As part of the feedback loop we have regarding "Add a link" feature, we will ask a few questions to newcomers who used this features at our pilot Wikipedias (ar, bn, cs, es and also fr).

We will target accounts who respond to all these 3 definitions:

  • Only people who have created their account in the past 6 months
  • Only people who have been active in the last two weeks
  • Of those people top ten who have done the most “add a link” edits

This task is to coordinate the creation of the lists we need.

Details

Due Date
Feb 22 2022, 5:00 PM

Event Timeline

Restricted Application added a subscriber: Aklapper. · View Herald Transcript
Urbanecm_WMF changed the subtype of this task from "Task" to "Deadline".
Urbanecm_WMF set Due Date to Feb 22 2022, 5:00 PM.

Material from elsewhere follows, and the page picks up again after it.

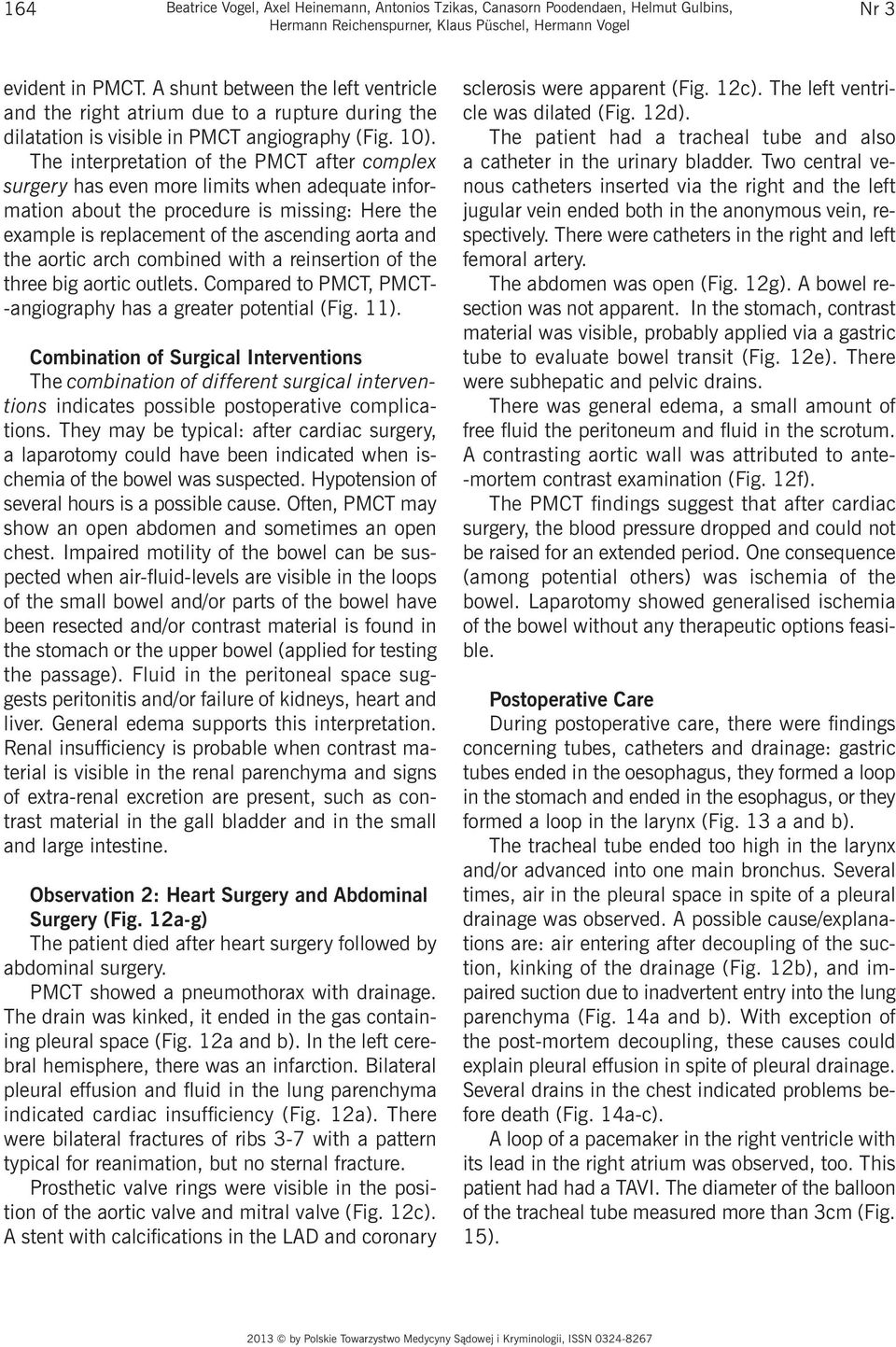 The interpretation of the PMCT after complex surgery has even more limits when adequate information about the procedure is missing: Here the example is replacement of the ascending aorta and the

I created a spreadsheet that has the data requested. The data list was generated through the following Spark query, the rest is Google Spreadsheets magic.

Spark query
WITH users_active_14_days_ago AS (
    SELECT
        rc.database,
        rc.performer.user_text,
        max(rc.meta.dt) AS latest_edit
    FROM event.mediawiki_revision_create AS rc
    WHERE
        -- Feb 2022 is fine, because this is executed on 2022-02-17, so all edits made at most 14 days ago were made in February
            rc.year = 2022
        AND rc.month = 2

        AND rc.database IN ('arwiki', 'bnwiki', 'cswiki', 'eswiki', 'frwiki')

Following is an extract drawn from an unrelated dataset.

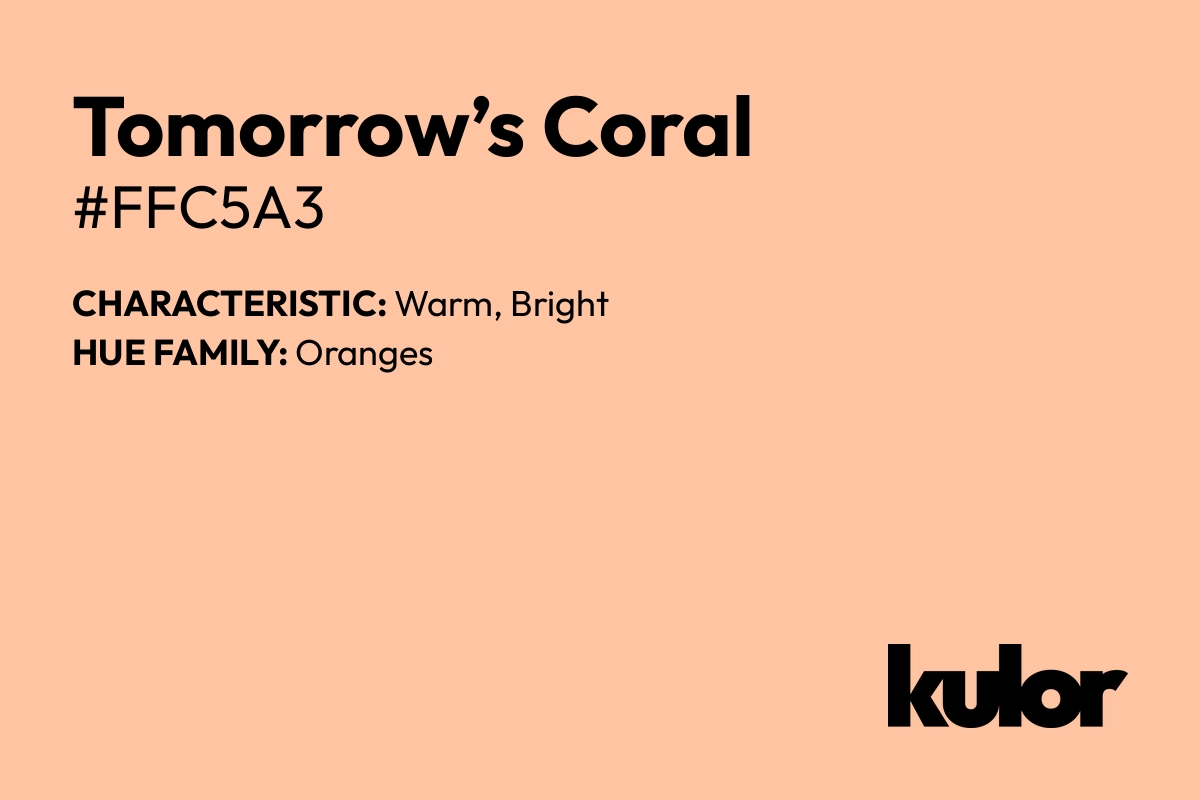 Tomorrow’s Coral is a color with a HTML hex code of #ffc5a3.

        -- only users registered in last 6 months
        AND rc.performer.user_registration_dt >= current_timestamp - interval '6' month

    GROUP BY rc.database, rc.performer.user_text

    -- active in the last 14 days
    HAVING max(rc.meta.dt) >= current_timestamp - interval '14' day
)

SELECT
    rtc.database,
    meta.dt,
    rtc.rev_id,
    rtc.performer.user_text,
    rtc.performer.user_registration_dt,
    performer.user_edit_count

FROM event_sanitized.mediawiki_revision_tags_change AS rtc

-- active in the last 14 days
JOIN users_active_14_days_ago AS ar ON ((ar.database = rtc.database) AND (ar.user_text = rtc.performer.user_text))

WHERE
    -- we're only interested in edits made by users created less than 6 months ago, ie. the first edit can be in August 2021
    (
        rtc.year = 2022 OR
        (
                rtc.year = 2021
            AND rtc.month >= 8
        )
    )
    
    -- made in one of the required wikis
    AND rtc.database IN ('arwiki', 'bnwiki', 'cswiki', 'eswiki', 'frwiki')
    -- only add a link edits
    AND array_contains(rtc.tags, 'newcomer task add link')
    -- user registered in last 6 months
    AND rtc.performer.user_registration_dt >= current_timestamp - interval '6' month

ORDER BY rtc.database, rtc.meta.dt

@Urbanecm_WMF, is it possible to:

  • only have each name once and
  • filter out blocked users?

Thank you!

@Urbanecm_WMF, is it possible to:

  • only have each name once and

They should be listed only once. already You need to look at the "users to contact" sheet (where they're listed together with their number of add a link edits).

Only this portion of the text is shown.